El segundo anciano fue más positivo.

– Vive en algún lugar por ahí -dijo.

Y señaló con un dedo amarillento un sórdido edificio de piedra de tres plantas, más abajo. Tampoco él tenía dientes ni llevaba dentadura postiza y, al hablar, la barbilla parecía tocarle la nariz. Cuando se interrumpió, le señalé la foto y luego el edificio. El hombre asintió en silencio.

– Souvent? -le pregunté. ¿Con frecuencia?

– Hum… Oui -respondió enarcando las cejas y levantando los hombros.

Adelantó el labio inferior y ondeó la mano en un ademán significativo. Más o menos.

Su compañero agitó reprobatorio la cabeza y resopló disgustado.

Hice señas a Charbonneau y a Claudel para que se acercaran y les expliqué lo que había dicho el anciano. Claudel me miró como si fuera una avispa enojosa, una molestia que debía soportar. Yo lo miré a mi vez desafiante: le constaba que era él quien debía haber interrogado a los hombres.

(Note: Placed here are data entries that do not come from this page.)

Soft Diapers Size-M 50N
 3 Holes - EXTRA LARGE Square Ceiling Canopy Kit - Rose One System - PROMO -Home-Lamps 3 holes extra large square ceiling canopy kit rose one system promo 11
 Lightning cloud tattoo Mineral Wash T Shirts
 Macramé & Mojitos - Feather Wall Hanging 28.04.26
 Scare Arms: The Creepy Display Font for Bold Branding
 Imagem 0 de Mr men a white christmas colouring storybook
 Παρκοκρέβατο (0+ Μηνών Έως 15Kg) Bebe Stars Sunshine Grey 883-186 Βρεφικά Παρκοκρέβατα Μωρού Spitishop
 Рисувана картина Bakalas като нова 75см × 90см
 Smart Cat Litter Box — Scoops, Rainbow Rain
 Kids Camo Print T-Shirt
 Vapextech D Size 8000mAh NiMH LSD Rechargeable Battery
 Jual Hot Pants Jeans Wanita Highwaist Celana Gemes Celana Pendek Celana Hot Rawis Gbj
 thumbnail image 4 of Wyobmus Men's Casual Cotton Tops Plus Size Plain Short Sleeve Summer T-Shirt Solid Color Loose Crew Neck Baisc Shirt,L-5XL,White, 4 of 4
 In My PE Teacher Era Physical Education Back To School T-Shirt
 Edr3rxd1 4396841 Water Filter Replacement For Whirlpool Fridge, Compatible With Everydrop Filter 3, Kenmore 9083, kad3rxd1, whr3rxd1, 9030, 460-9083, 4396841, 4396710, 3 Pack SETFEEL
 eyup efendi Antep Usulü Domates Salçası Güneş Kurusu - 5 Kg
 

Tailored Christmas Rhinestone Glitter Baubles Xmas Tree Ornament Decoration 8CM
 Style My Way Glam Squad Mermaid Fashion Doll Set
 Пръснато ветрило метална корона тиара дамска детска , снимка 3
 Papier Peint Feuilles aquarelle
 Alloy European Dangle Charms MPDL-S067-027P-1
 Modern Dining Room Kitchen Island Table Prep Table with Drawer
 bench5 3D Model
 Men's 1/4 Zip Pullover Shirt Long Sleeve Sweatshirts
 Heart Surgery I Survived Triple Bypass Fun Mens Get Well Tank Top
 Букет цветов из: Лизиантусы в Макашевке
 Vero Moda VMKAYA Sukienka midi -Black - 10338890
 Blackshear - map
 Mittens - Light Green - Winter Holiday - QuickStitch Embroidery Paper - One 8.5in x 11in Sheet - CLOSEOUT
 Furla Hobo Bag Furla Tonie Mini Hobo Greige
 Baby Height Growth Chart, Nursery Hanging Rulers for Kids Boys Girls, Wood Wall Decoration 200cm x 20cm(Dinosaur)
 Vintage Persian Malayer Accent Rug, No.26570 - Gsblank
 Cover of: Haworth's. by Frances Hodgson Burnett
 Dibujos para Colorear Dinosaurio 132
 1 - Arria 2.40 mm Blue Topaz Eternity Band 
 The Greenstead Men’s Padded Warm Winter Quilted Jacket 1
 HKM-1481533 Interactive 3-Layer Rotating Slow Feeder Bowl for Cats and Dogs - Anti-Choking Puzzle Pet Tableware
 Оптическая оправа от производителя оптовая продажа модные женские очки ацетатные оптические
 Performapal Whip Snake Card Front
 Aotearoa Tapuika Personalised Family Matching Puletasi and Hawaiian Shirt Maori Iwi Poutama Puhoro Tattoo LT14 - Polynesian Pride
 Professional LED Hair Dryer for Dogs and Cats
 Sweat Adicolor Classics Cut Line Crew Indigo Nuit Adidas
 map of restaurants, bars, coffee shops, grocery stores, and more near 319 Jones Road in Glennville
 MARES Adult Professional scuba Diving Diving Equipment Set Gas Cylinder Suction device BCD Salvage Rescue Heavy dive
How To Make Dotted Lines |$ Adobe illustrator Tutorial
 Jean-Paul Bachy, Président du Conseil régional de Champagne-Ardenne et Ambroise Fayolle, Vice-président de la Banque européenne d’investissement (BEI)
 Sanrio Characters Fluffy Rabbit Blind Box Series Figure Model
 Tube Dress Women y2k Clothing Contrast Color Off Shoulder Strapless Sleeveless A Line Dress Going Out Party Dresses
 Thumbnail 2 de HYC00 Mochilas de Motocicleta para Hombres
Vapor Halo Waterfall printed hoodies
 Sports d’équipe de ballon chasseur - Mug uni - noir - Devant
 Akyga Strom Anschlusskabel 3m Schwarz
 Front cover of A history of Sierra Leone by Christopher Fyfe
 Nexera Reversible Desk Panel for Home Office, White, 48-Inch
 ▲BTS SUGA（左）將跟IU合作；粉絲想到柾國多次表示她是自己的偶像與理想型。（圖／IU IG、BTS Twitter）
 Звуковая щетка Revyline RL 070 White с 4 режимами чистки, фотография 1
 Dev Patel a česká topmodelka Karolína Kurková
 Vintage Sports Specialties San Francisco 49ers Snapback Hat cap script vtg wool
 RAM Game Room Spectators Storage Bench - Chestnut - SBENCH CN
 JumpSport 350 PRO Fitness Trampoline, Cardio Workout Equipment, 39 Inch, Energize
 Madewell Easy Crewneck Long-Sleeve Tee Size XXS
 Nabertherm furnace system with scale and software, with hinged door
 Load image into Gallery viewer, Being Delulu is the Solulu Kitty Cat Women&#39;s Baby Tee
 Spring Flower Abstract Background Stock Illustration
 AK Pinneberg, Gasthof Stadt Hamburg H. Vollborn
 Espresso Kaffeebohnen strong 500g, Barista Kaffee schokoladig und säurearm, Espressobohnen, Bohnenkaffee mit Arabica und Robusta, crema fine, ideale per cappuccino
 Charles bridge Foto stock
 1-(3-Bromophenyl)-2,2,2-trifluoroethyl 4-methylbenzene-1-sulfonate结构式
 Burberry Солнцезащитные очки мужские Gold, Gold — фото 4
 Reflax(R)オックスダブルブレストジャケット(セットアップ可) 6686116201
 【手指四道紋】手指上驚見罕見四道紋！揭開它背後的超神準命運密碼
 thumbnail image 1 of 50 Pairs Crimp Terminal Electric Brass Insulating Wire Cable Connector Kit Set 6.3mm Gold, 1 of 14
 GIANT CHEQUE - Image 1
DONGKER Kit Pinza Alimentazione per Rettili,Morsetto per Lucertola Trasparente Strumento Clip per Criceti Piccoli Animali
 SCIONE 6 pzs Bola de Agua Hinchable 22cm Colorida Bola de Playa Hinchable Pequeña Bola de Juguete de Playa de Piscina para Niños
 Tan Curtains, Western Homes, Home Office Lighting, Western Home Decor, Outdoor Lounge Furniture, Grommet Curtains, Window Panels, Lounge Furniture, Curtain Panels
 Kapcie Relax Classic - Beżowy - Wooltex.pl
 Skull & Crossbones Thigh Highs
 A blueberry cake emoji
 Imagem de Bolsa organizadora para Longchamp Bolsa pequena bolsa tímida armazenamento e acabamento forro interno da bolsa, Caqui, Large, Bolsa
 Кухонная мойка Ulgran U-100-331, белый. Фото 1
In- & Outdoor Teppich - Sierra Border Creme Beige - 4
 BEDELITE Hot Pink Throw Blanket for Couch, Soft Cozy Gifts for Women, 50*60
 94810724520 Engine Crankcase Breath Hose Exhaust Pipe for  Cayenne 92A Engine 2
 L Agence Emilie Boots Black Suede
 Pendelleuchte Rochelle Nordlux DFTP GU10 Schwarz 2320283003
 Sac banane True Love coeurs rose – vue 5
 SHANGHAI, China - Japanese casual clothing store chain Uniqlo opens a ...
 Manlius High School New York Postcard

Charbonneau se volvió sin hacer comentario alguno y se centró en la pareja. Claudel y yo escuchamos en silencio. Los ancianos se expresaban en argot, con la rapidez de una ametralladora, alargando las vocales y truncando los finales de las palabras, de modo que apenas capté la conversación. Pero los gestos y señales eran tan elocuentes como titulares. El de tirantes decía que el tipo vivía en aquella manzana; el de piernas de espagueti no estaba de acuerdo.

Por fin Charbonneau se volvió hacia nosotros, señaló el coche con la cabeza y, con un ademán, nos indicó que lo siguiéramos. Cuando cruzábamos la calle sentí dos pares de ojos legañosos clavados en mi espalda.